> _What this task involves_: Down to the last line, set down the material below exactly; skip the pictures.

> _Source material_:
------------------------------------------------------------------------
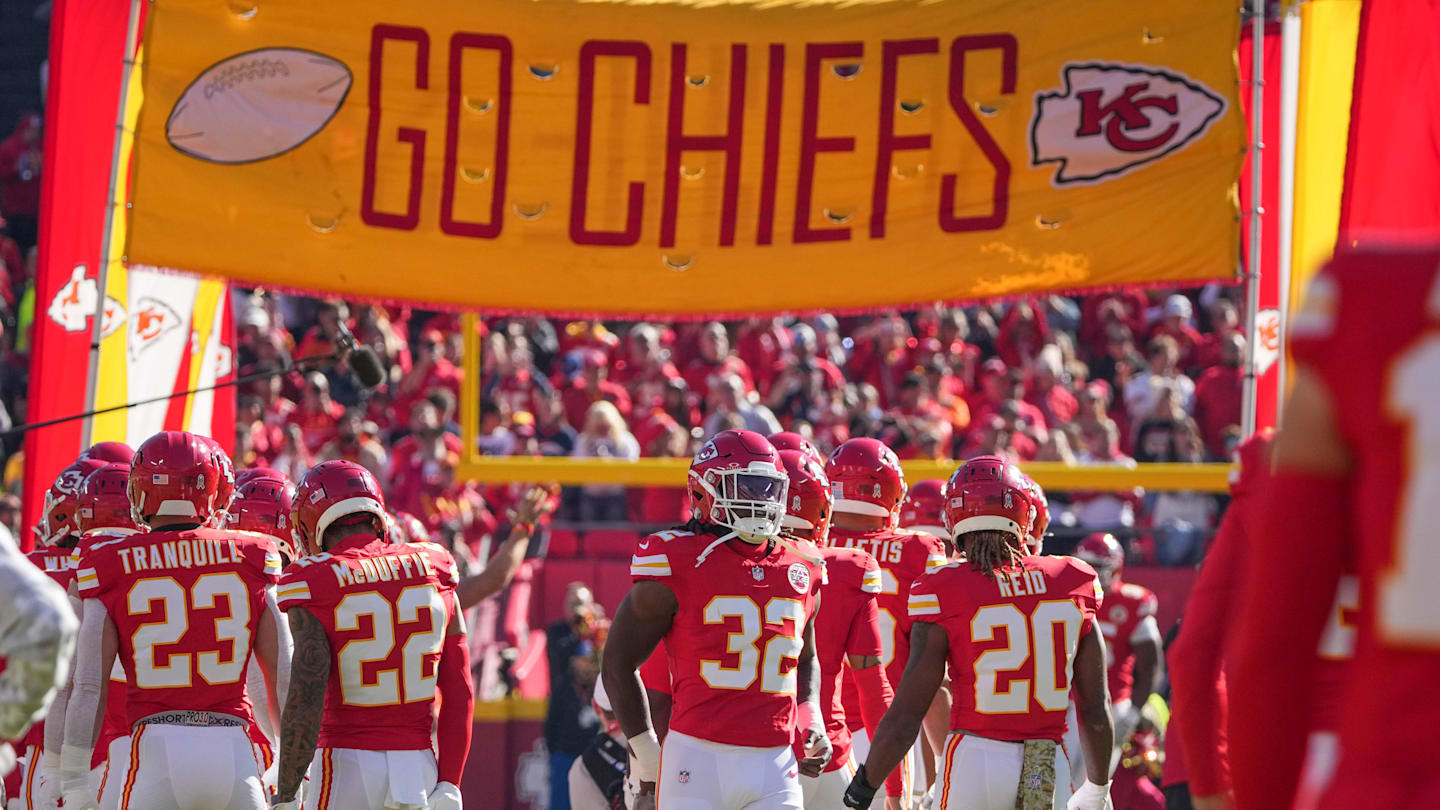 Three Potential First-Time All-Pros for the Chiefs in 2025
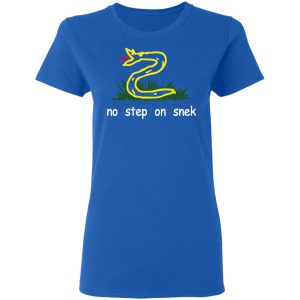 No Step On Snek T Shirts Hoodies Long Sleeve 4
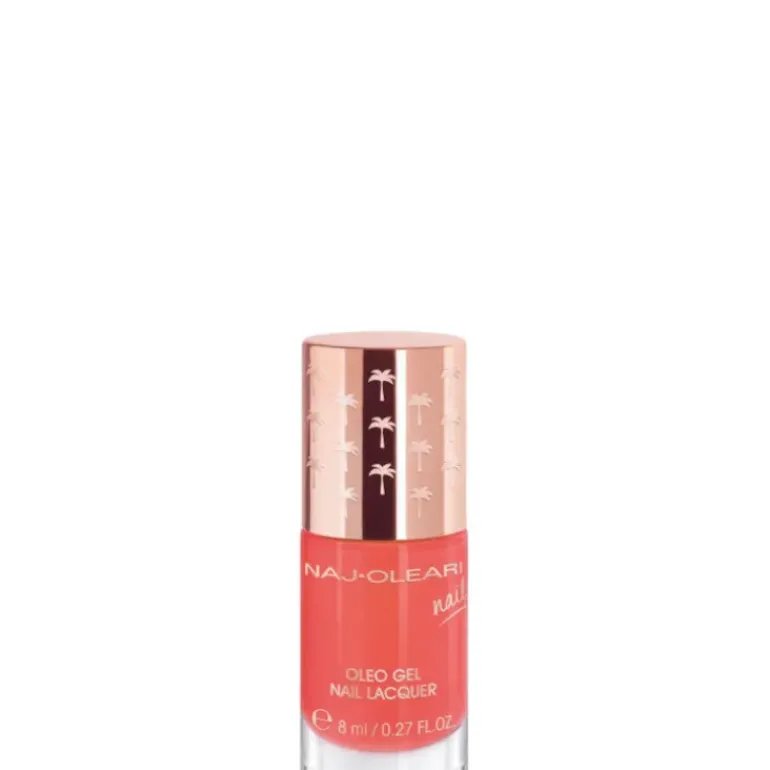 Oleo Gel Nail Lacquer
------------------------------------------------------------------------
> _Solution for this exercise_:
 Three Potential First-Time All-Pros for the Chiefs in 2025
 No Step On Snek T Shirts Hoodies Long Sleeve 4
 Oleo Gel Nail Lacquer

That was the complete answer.